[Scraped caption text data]
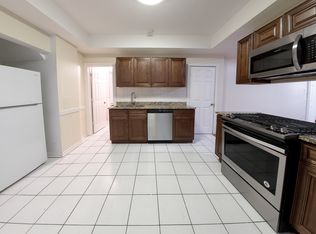 1648 W Cullerton St #1R, Chicago, IL 60608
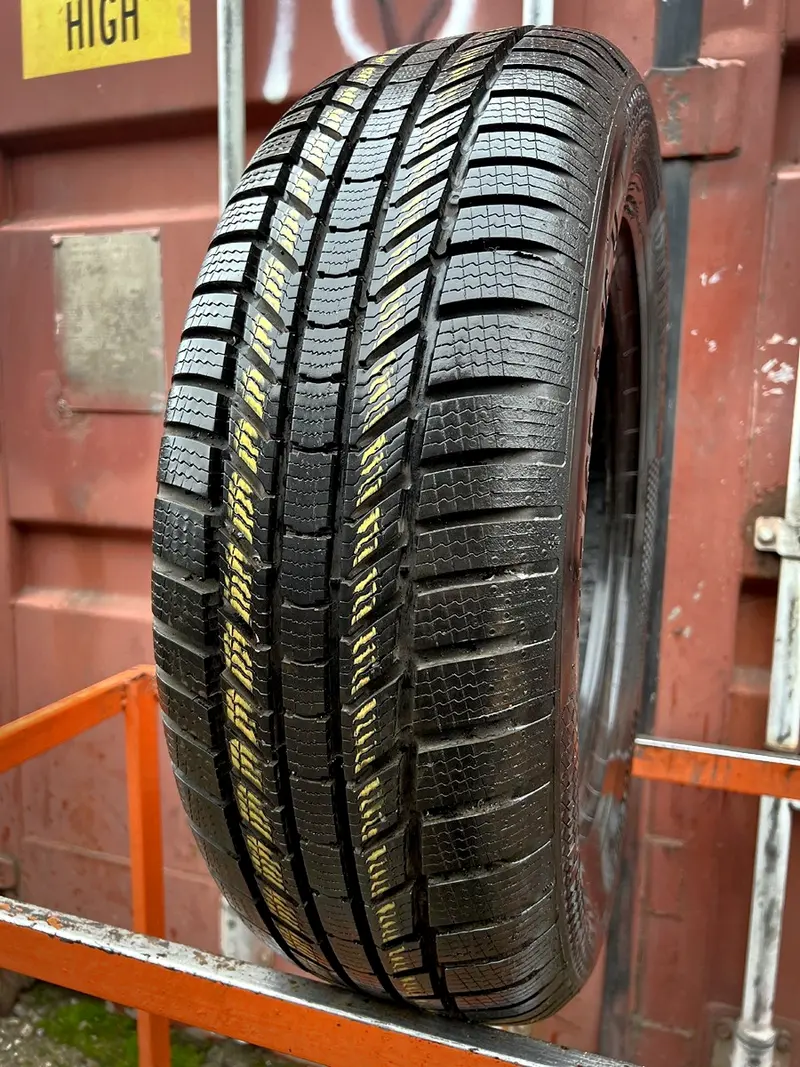 Б/у шина 215/65 R16 Continental ContiWinterContact TS 870 P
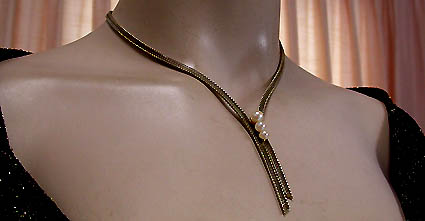 a beautiful vintage costume jewelry necklace unsigned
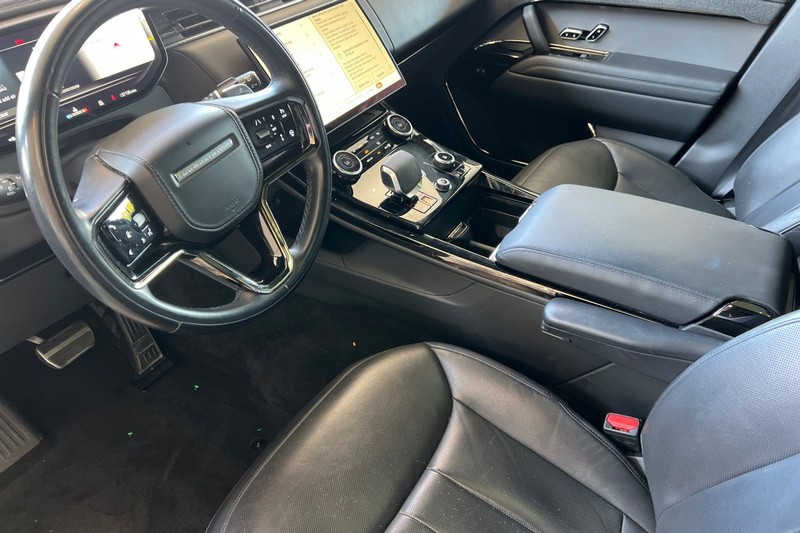 Land Rover Range Rover Sport Vehicle Full-screen Gallery Image 10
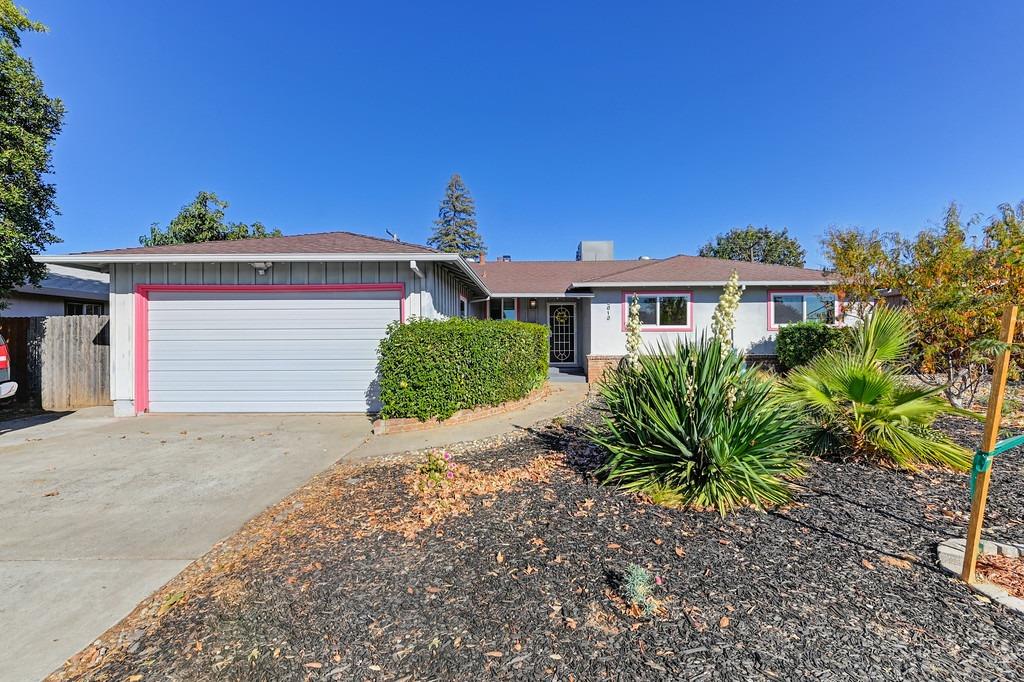 Detail Gallery Image 1 of 24 For 2613 Zinfandel Dr, Rancho Cordova,  CA 95670 - 3 Beds | 2 Baths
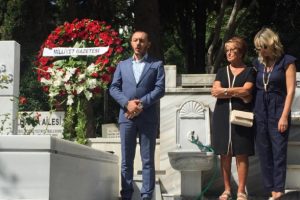 Ekonomi yazarı G&uuml;ng&ouml;r Uras Aşiyan'daki kabrinde anıldı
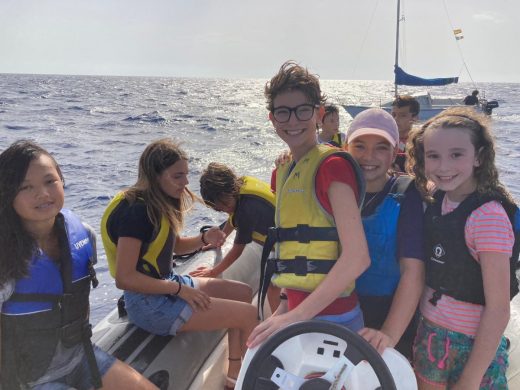 (Fotos) Jóvenes de Es Nàutic devuelven al mar dos tortugas que habían encontrado heridas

# Required action:
Without copying any picture, write out the entries exactly.

# Answer section:
 1648 W Cullerton St #1R, Chicago, IL 60608
 Б/у шина 215/65 R16 Continental ContiWinterContact TS 870 P
 a beautiful vintage costume jewelry necklace unsigned
 Land Rover Range Rover Sport Vehicle Full-screen Gallery Image 10
 Detail Gallery Image 1 of 24 For 2613 Zinfandel Dr, Rancho Cordova,  CA 95670 - 3 Beds | 2 Baths
 Ekonomi yazarı G&uuml;ng&ouml;r Uras Aşiyan'daki kabrinde anıldı
 (Fotos) Jóvenes de Es Nàutic devuelven al mar dos tortugas que habían encontrado heridas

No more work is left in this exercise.